November 5, 2021 - OIKOS Seminar, Nunspeet, The Netherlands

Believe it or not, the “anchor gig” of this European Odyssey tour was in Nunspeet, a town of 25,000 located in the Dutch national forest. 

This gig for the 2019 Orality and Literacy conference in Austin got me in front of an international audience that included a Dutch classicist who recommended me for the OIKOS seminar, an annual conference of graduate students held in Nunspeet. Once I had that gig, I started to build the others for my (eventually canceled due to covid) fall 2020 European tour. 

Just like with the Athens performance, the organizers were kind enough to reschedule last year’s show and the conditions allowed the conference to go forward in person. 

I was feeling my three hours of sleep as I dragged my luggage and guitar through the Amsterdam airport to the train. 

The Dutch train system is amazing and I was soon at my hotel about an hour away from Amsterdam.  The conference didn’t start until the next day (Friday) so I had an evening to take a jog, explore the beautiful wooded area, and get some dinner.

Friday morning the conference attendees arrived and the program began: three lectures by professors, dinner, then my performance. 

The lectures were all excellent. One was on comparisons between Sumerian and Homeric epic, another on aspects of style in historical accounts of war and battle. The students were smart and the discussions were great. I could tell my show was going to be a good way to end the day. 

After the formal nature of the Athens show, the Netherlands performance was modest and intimate: the 30 or so attendees gathered in a semi-circle around me in the conference room.  I love performing that way: personal, direct, un-mediated by a microphone or an elevated stage and really much closer to a bardic performance in essence. 

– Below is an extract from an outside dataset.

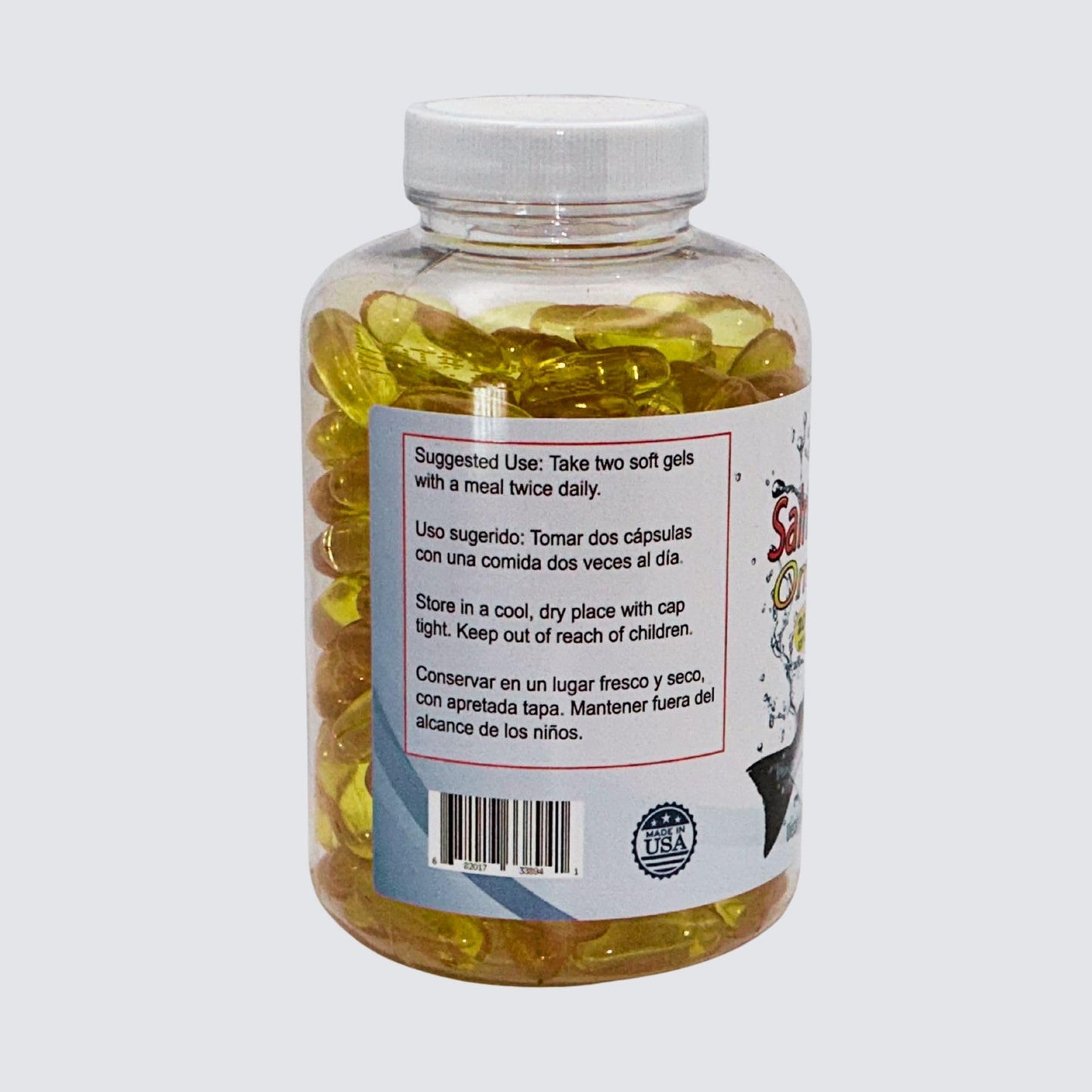 Generic Omega 3 Salmon Oil & Odorless Garlic (Salmon con AJO) Softgels 200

A fantastic discussion and we were on to the end of day reception which was an absolute blast, full of more conversation around my performance and much more. 

On Saturday morning, I hustled through the brisk fall air to a covid testing site about a mile away to take a rapid test for my flight to Rome on Sunday. 

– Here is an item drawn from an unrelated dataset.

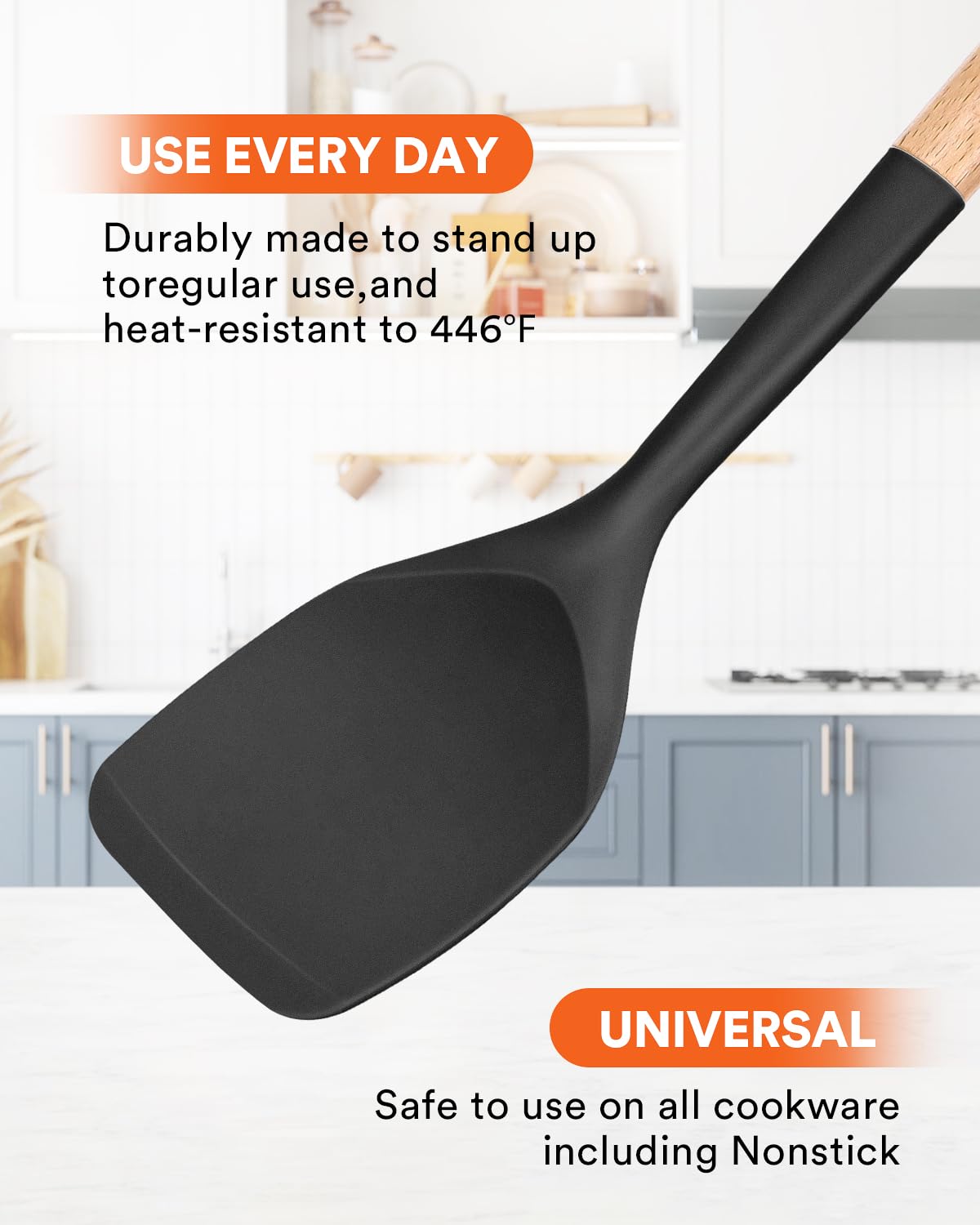 Badiano Silicone Spatula, Non Scratch Flexible Edge for Pans,13.2 Inch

By the time I got back to the hotel, I had a negative test result in my email and the rest of the conference (two more great speakers and then lunch) flew by. 

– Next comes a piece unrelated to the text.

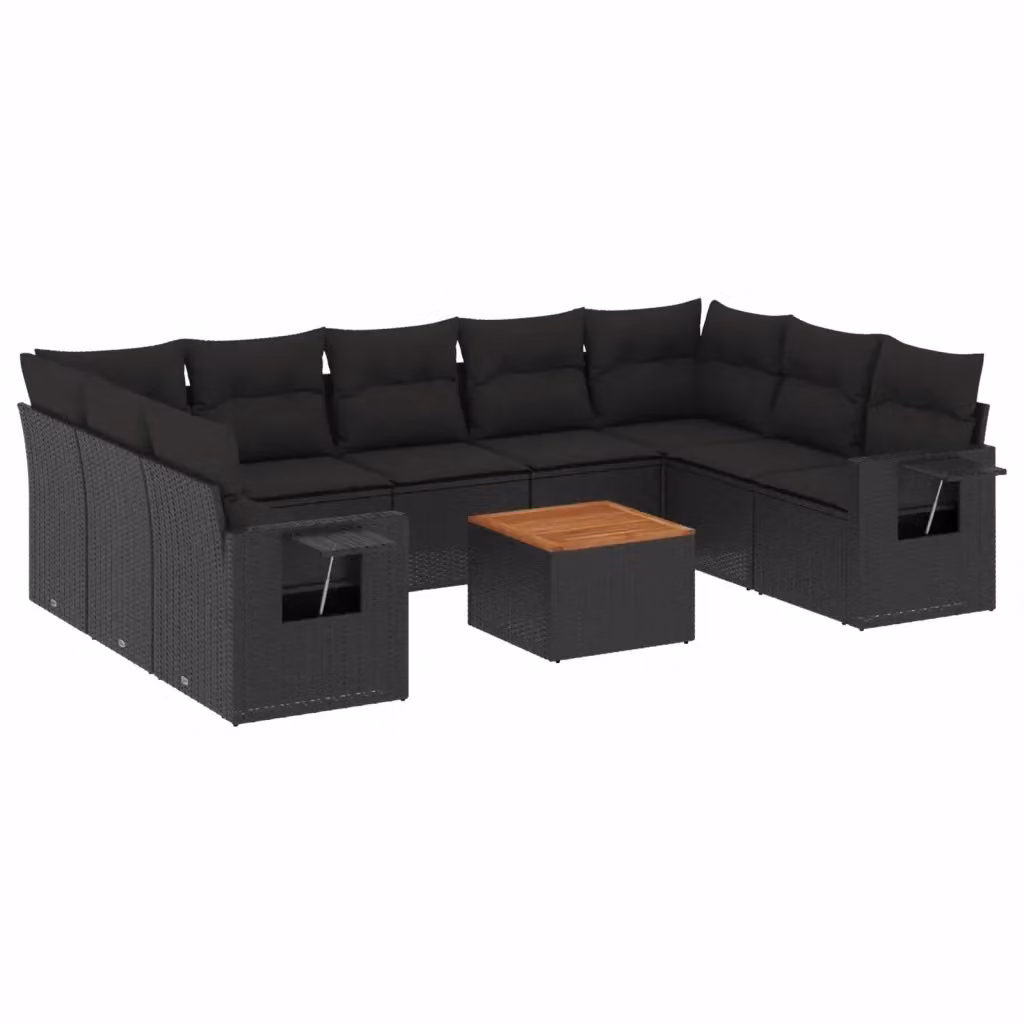 Set di Divani da Giardino vidaXL in Polyrattan Nero con Cuscini e Tavolino da Esterno – 2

After hitching a ride with one of the professors part of the way to Amsterdam, I hopped on another efficient train and found my hotel right next to Amstel Park, through which I took a wonderful late afternoon run. 

Placed between Greece and Italy, the Netherlands couldn’t help but seem inferior in the culinary department (really, what country wouldn’t compared to those two) but I found an excellent dinner in my hotel of cheeses, meats, and pickled things. 

As I tried to catch up on sleep for my flight to Italy in the morning, I couldn’t stop thinking about the presentation I’d seen on the Epic of Gilgamesh and how that story appears to have been fixed in text AND also continued changing through oral performance, which isn’t a scenario you often hear from Homerists.  I like how this mirrors my experience performing: the text has been “fixed” for almost 20 years but I innovate in ways small and big every time I sing. 

I was also thinking about the word OIKOS, which means “home” in Greek (and from which we get most words that contain ECO-)… how appropriate a word to serve as the genesis of a journey to perform a song about a journey home.